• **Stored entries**

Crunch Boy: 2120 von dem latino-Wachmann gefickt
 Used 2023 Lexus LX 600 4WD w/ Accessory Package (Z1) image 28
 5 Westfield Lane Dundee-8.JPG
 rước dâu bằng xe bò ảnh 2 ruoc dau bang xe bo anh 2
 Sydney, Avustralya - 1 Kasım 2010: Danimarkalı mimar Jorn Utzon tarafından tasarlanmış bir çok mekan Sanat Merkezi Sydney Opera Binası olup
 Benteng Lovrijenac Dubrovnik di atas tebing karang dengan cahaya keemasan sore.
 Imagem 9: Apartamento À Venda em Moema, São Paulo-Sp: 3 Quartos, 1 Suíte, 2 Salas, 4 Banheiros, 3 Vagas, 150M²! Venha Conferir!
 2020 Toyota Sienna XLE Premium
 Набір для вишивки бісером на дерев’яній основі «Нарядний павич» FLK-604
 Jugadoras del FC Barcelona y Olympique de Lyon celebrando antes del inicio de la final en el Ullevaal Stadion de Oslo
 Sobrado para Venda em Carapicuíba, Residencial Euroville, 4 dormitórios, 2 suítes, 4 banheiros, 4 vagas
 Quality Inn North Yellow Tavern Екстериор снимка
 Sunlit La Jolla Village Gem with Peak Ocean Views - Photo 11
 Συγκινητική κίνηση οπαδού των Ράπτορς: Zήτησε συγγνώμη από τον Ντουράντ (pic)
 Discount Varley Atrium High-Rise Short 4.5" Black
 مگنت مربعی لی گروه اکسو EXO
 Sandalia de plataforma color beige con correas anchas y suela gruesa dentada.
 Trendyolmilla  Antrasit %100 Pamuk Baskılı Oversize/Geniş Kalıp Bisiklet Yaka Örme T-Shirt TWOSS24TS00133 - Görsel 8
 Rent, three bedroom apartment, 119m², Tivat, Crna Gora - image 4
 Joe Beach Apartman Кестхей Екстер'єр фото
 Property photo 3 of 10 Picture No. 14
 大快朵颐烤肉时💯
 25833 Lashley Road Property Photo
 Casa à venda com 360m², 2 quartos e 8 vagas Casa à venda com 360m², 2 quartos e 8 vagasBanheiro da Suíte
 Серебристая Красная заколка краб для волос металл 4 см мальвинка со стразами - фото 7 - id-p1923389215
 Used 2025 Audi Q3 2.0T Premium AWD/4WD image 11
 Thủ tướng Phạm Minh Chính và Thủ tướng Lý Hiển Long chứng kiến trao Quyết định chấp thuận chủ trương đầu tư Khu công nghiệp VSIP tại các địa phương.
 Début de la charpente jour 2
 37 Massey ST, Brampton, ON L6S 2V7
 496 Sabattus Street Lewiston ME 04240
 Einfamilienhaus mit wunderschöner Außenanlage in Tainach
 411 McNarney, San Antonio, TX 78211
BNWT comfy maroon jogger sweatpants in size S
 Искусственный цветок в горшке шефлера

• **REQUIRED WORK**
With the entries above as the source, set down exactly the lines from the one holding "411 McNarney, San Antonio, TX 78211" through the last line, both ends included.

• **ANSWER TO THE PROBLEM**
 411 McNarney, San Antonio, TX 78211
BNWT comfy maroon jogger sweatpants in size S
 Искусственный цветок в горшке шефлера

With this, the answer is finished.